Fishing on the heels of a weather system is never very productive, but since every living thing had been dodging lightning bolts last night, I was hoping I could get something hungry to stir.
Not a chance.
… even the small fish weren’t interested.
… and with the people still abed, and all the candy wrappers, water bottles and toilet paper washed away, the cattails gave a glimpse of brown water majesty – the Valley version of Fall colors.
Hisself lives on the right side of that downstream root ball. With the beaver dam raising this run about two feet in depth, it’s nearly eight feet deep. I managed to swim the fly through the area effectively, but nothing was eating.

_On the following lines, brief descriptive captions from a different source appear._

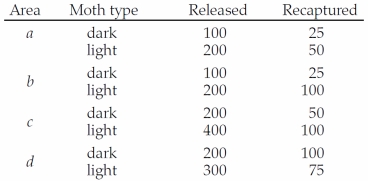 Use the following to answer questions : The following data were collected in a study in which dark and light moths of the peppered moth (Biston betularia) were released and recaptured a few days later in several different areas (a, b, c, and d). -Based on these data, in which area is the light phenotype most advantageous? (Assume that recapture rates reflect the relative survival of the moths, not the ability of the investigators to find and recapture the moths.) What does this tell us about the fitness of light moths in this area?
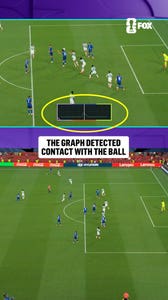 A tough way for Croatia's 2026 FIFA World Cup to come to an end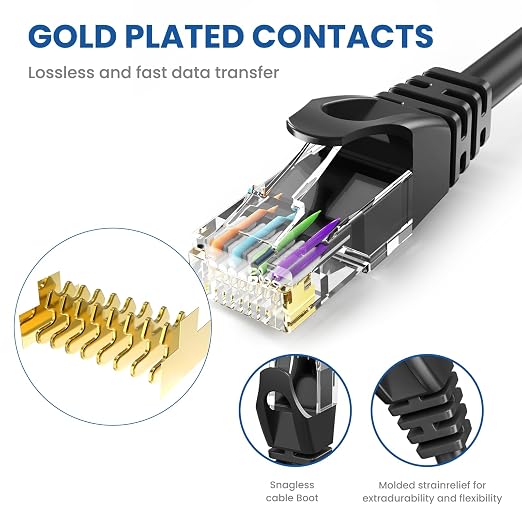 Cat 6 Ethernet Cable 40 ft, 10Gbps High Speed Ethernet Cable, Internet Cable - Image 3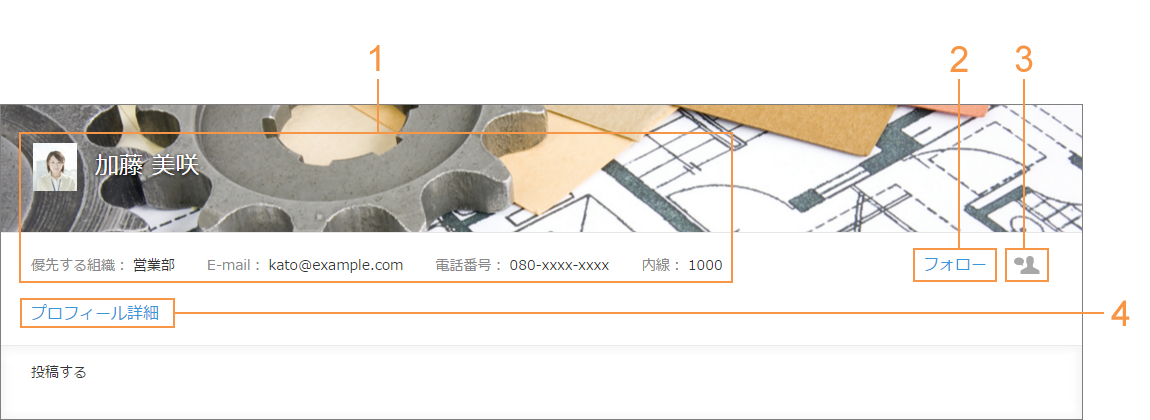 スクリーン:ピープルの上部にユーザーのプロフィールが表示されている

Once the rain starts in earnest his protective cover will be a distant memory – and with it will go the beaver dam providing the safety of the extra depth. I’m sure he’ll stay within the area, but there’s no telling whether some big mass will wash down this winter and either change the character of the flow, or mash life out my quarry.
With a stiffening breeze and a mass of dark clouds bearing down on me I opted for the safety of the car.
I snuck over and dragged the fly through the deep end just to let the fish know I meant business, then forgot my surrounding during one overly ambitious cast and got a jump on the holidays and tree decoration.
Which gives me ten left, and moot testimony why some of my good ideas are tied in quantity, versus carrying one or two.